The Lawson Johnston years
John Lawson Johnston started his career as a butcher working in Edinburgh. He became interested in food science and developed a beef extract that had a long shelf life. He moved to Canada and supplied the French army with preserved beef products. On returning to Britain he set up a factory in London to manufacture a product called Bovril, boosting sales by mass advertising. He raised capital via stock flotations, the first in 1889 and the second in 1896, when he and his fellow shareholders agreed to sell the business to Ernest Terah Hooley. Lawson Johnston remained a major shareholder in Bovril and the company chairman.
He purchased the White Ladye at auction in 1897 for £11,200. A few weeks before this he had purchased a famous racing yacht that belonged to the Prince of Wales called Britannia. This he sold shortly after, having owned it for just a few months. It later transpired that Ernest Hooley had funded the purchase of a yacht for Lawson Johnston, and several press reports conjectured that the vessel concerned was the White Ladye. However, evidence later given in a court case by Hooley indicated that the arrangement concerned the purchase of the sailing yacht Britannia.
Lawson Johnston used the White Ladye for cruising in the Mediterranean and Scottish waters, and in 1899 the yacht attended the America's Cup race in New York. The event was between Columbia and Thomas Lipton’s Shamrock. The White Ladye was supposed to be companion yacht to Lipton’s steam yacht Erin with friends and relatives on both vessels. Lawson Johnston understood that he would be able to fly a flag of privilege that enable him to manoeuvre the White Ladye within the restricted race area. However, the race officials deemed that the White Ladye had infringed a restricted zone and the captain was severely censured. To make matters worse, one of the official cutters policing the event collided with White Ladye causing damage to both vessels.
In 1900 Lawson Johnston took a lease on Inveraray Castle and cruised the Scottish waters in White Ladye before the yacht sailed to Nice in the South of France. It was there that John Lawson Johnston died on board the White Ladye on the 24 November 1900.
The William Cresswell Gray Years
After the death of Lawson Johnston, the White Ladye was purchased by William Cresswell Gray (1867-1924). He was chairman of William Gray and Co., of West Hartlepool, one of the largest shipbuilders in the country, a business that had been started by his father in 1863. Gray became chairman in 1898 after the deaths of his older brother in 1896, his father in 1898 and Thomas Mudd, manager of the company's engine works, in 1898. Gray who, enjoyed “yachting”, sent the White Ladye to Hull in 1903 for a new boiler and general overhaul. He arranged for the yacht to be moored in Dartmouth, due to the fact that he had purchased the Membland Estate, South Devon in 1900, about 26 miles from Dartmouth.
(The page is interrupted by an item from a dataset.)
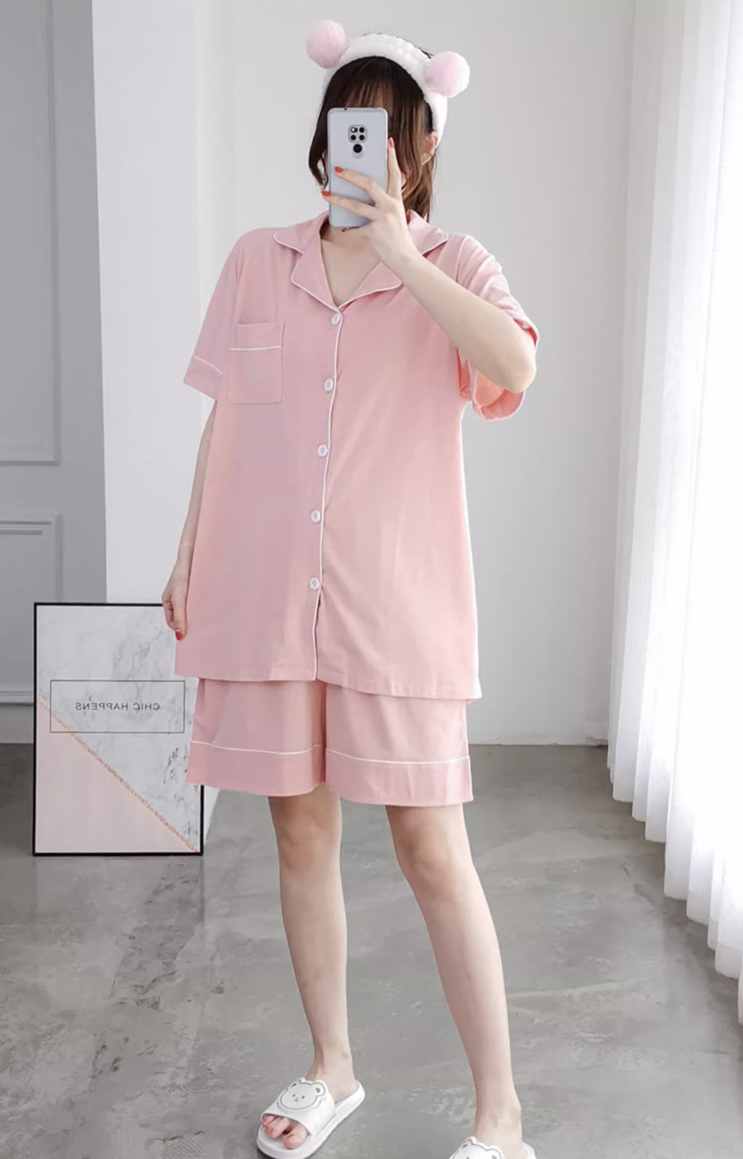 ชุดนอนผ้าคอตตอนไซส์ใหญ่ แขน-ขาสั้น ผ้าเนื้อนิ่ม ใส่สบาย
However, by 1905 the yacht was being offered for charter, and this was taken up by the wealthy American, Bertha Palmer, widow of Potter Palmer from Chicago, who attended Cowes Week that year. She also took the prestigious Egypt House on the seafront in the expectation of entertaining high society. By 1910 the advertisements for the charter of the White Ladye also informed that the yacht was for sale.
During World War I several of the large steam yachts were purchased by the British Government for use by the Royal Navy, others were put to commercial use. The White Ladye was sold and converted in 1917 for use as a French trawler named La Champagne, owned by Jérôme Malandain de Fécamp. She remained in this role from September 1918 until 1926 when she was laid up at Fécamp. In June 1931 she was used to test the new slipway at Fécamp. In August 1935 she was towed by the Belgian tug Directeur Gerling out of harbour on her final journey to the breakers at Ostende.